Пашка слушает, а внутри у него, то ли в голове, то ли в душе что-то работает. Он сам себе думает, что дед Гриша какую-то общую правду знает, которая и его, пацана, затрагивает. И про совесть на миру – ему мысль понятна. И дядька-вор тоже, странным образом прав, и его, Пашкин детский грех, как-то даже оправдан.

Философ сразу не уходит, виновато стоит около соседа:

– Отпустила совесть – то, курицу отдал, и отпустила…. Я, ты сам знашь, живу вдумчиво, без этого нельзя. Ты тоже мужик со смыслом. И ребята у тебя не дураки. Ну, а ты-то обиду не дёржишь? – произносит на деревенский лад «дёржишь».

– Да зачем она мне, обида? – отзывается Данилыч. И завязывается неспешный обмен мнениями о самом сокровенном в жизни.

Сам – то Данилыч жадным никогда не был, но, что «скупость не глупость», принимал.

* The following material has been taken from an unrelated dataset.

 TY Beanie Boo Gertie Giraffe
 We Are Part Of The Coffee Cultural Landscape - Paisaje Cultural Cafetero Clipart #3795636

Жить всем хочется достойно. Для Данилыча достойно живущий – это имеющий должность, образование, пользующийся хорошей репутацией у людей, среди которых живёт, получающий прилично за свои труды – это тоже немаловажно. На эту тему отец рассуждал частенько. Из рассуждений выходило, что человек хочет не хочет, а должен сильно стараться, чтобы жить хорошо, здоровьем своим он расплачивается за все блага, которые добудет. Поэтому, считал он, человек человеку многое должен прощать, а правильнее всего не замечать в человеке дурного, «не сосредотачиваться на нём – человек сам дойдёт, в чём он не прав, и сам перестроится». С другой стороны, становилось ясно, что «человек – это такая ненасытная скотина, удовлетворить которую невозможно». И всё ему больше и больше надо. Эта мысль так часто повторялась стареющим отцом (Видимо, от того, что время его прошло.), что Пашка запомнил её прочно, и не только запомнил, но и обдумал не один раз. Не отсюда ли возникло у пацана беспокойство: как бы не остаться позади всех во всеобщей растащиловке?

Жил Иван Данилович Свиридов в Берёзовом с 50-десятых годов. Тогда проводилась компания по поднятию целинных и залежных земель. Он приехал в Восточный Казахстан с женой и маленьким сыном Васькой из-под Воронежа, да и застрял на всю жизнь. По специальности был трактористом. До самой пенсии так и проработал бы, уж очень привязан был к этой технике. Если бы не больное сердце. Перешёл на лёгкий труд годам к пятидесяти, когда последний сын подрастал. После первого, Василия, появился Игорь, потом Андрей. А Пашутка – четвёртый. Всё о дочке мечтали – не получилось! Отец планировал всех к сельскому хозяйству пристроить. Работа трудная, да самая мужская. У мужика и труд должен соответствовать званию и время должно идти куда надо. Если пустяками сыны не будут заниматься, то и судьбы сложатся. Василий закончил сельхозинститут и работал ветеринарным врачом, Игорь – инженер – механик, Андрей – механизатор широкого профиля. Гордился ими Данилыч. Все успели в советское время выучиться. Рассредоточились кто куда, да и остались в сёлах области при делах и не на последнем счету. Видел Паша эту гордость, хотел бы соответствовать. Может быть, что-нибудь и вышло бы из него путное, да не успел отец поскрёбыша, который от третьего, Андрея, отстал на восемь лет, поставить на ноги.